**Task directions**
Return the full set of entries precisely. Do not carry over any pictures.

<<<<

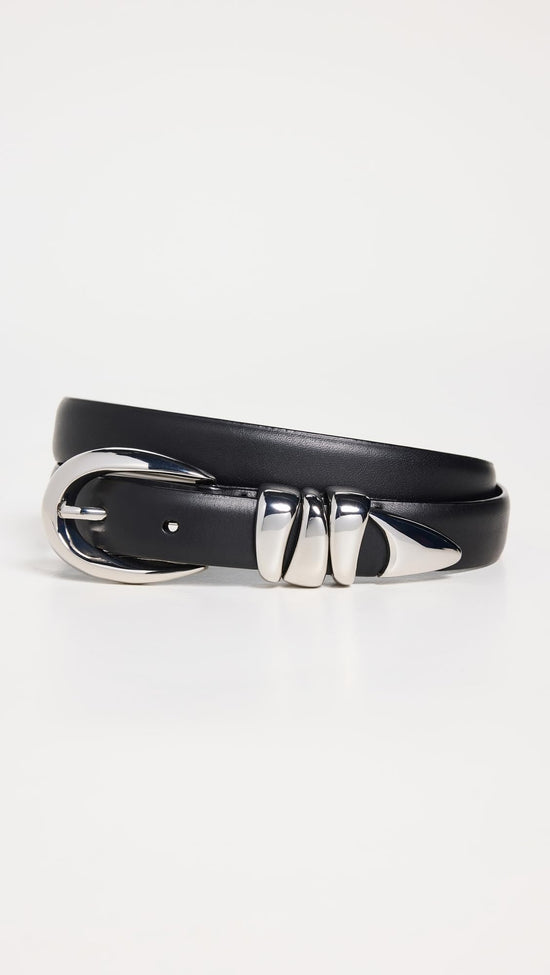 Madewell women's leather belt with chunky metal detail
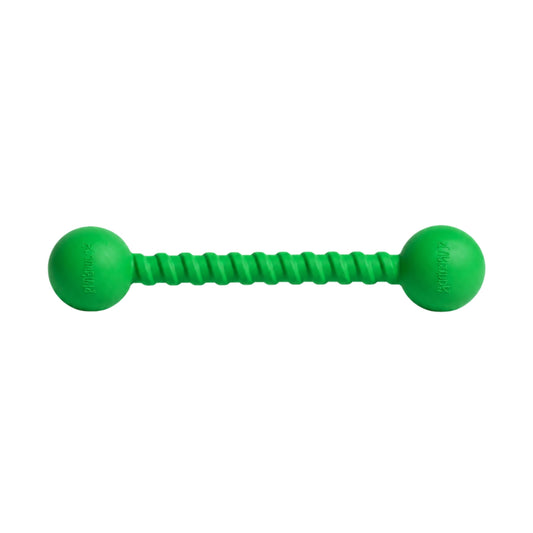Green PlayBuddy Twizzoo rubber tug and fetch dog toy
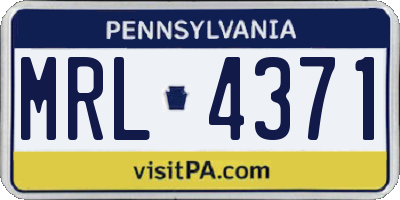 PA license plate MRL4371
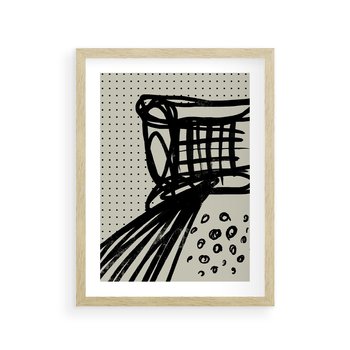 Plakat w ramie 30x40 - Złudne Kontemplacje - abstrakcyjna mroczna kompozycja, nieregularne - rama drewno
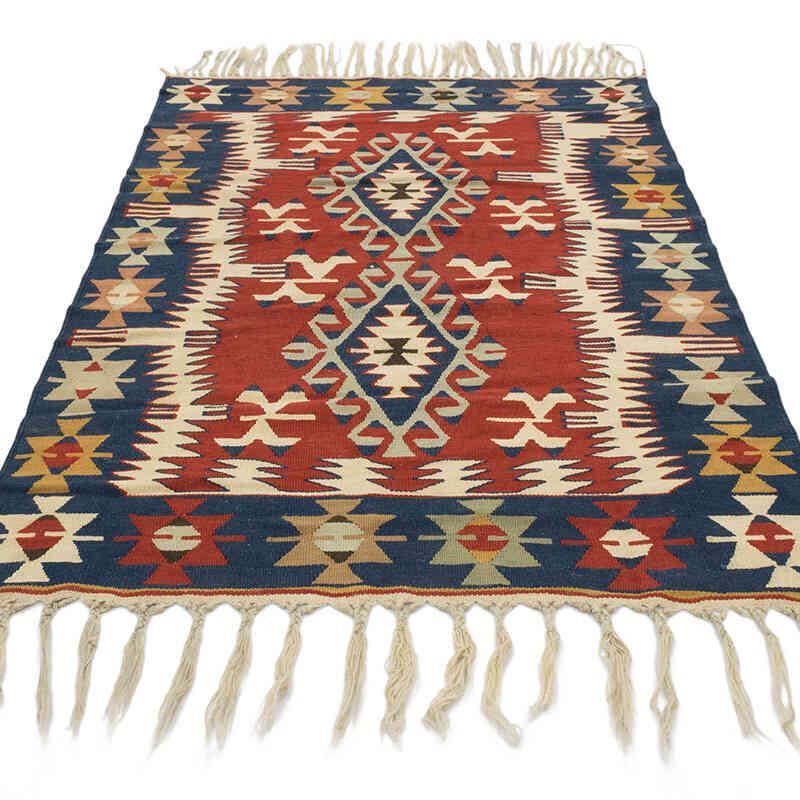 New Handwoven Turkish Kilim Rug - 3' 7" x 5' 1" (43" x 61") - K0080468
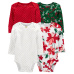 CARTER'S Body dl. rukáv Red Green dívka 4ks NB /vel.56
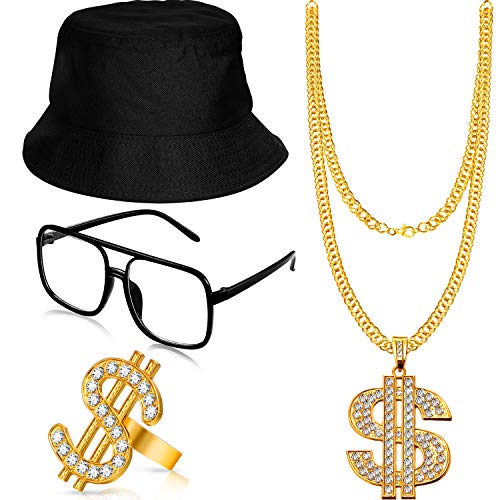 Hip Hop Costume Kit Bucket Hat Sunglasses Gold Chain Ring 80s/90s Rapper Accessories (Black)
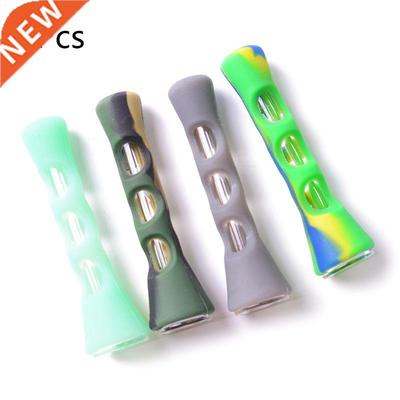 New Horn Straight Glass Tobacco Pipe Smoking Cigar Filter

>>>>

**Solution below**
 Madewell women's leather belt with chunky metal detail
Green PlayBuddy Twizzoo rubber tug and fetch dog toy
 PA license plate MRL4371
 Plakat w ramie 30x40 - Złudne Kontemplacje - abstrakcyjna mroczna kompozycja, nieregularne - rama drewno
 New Handwoven Turkish Kilim Rug - 3' 7" x 5' 1" (43" x 61") - K0080468
 CARTER'S Body dl. rukáv Red Green dívka 4ks NB /vel.56
 Hip Hop Costume Kit Bucket Hat Sunglasses Gold Chain Ring 80s/90s Rapper Accessories (Black)
 New Horn Straight Glass Tobacco Pipe Smoking Cigar Filter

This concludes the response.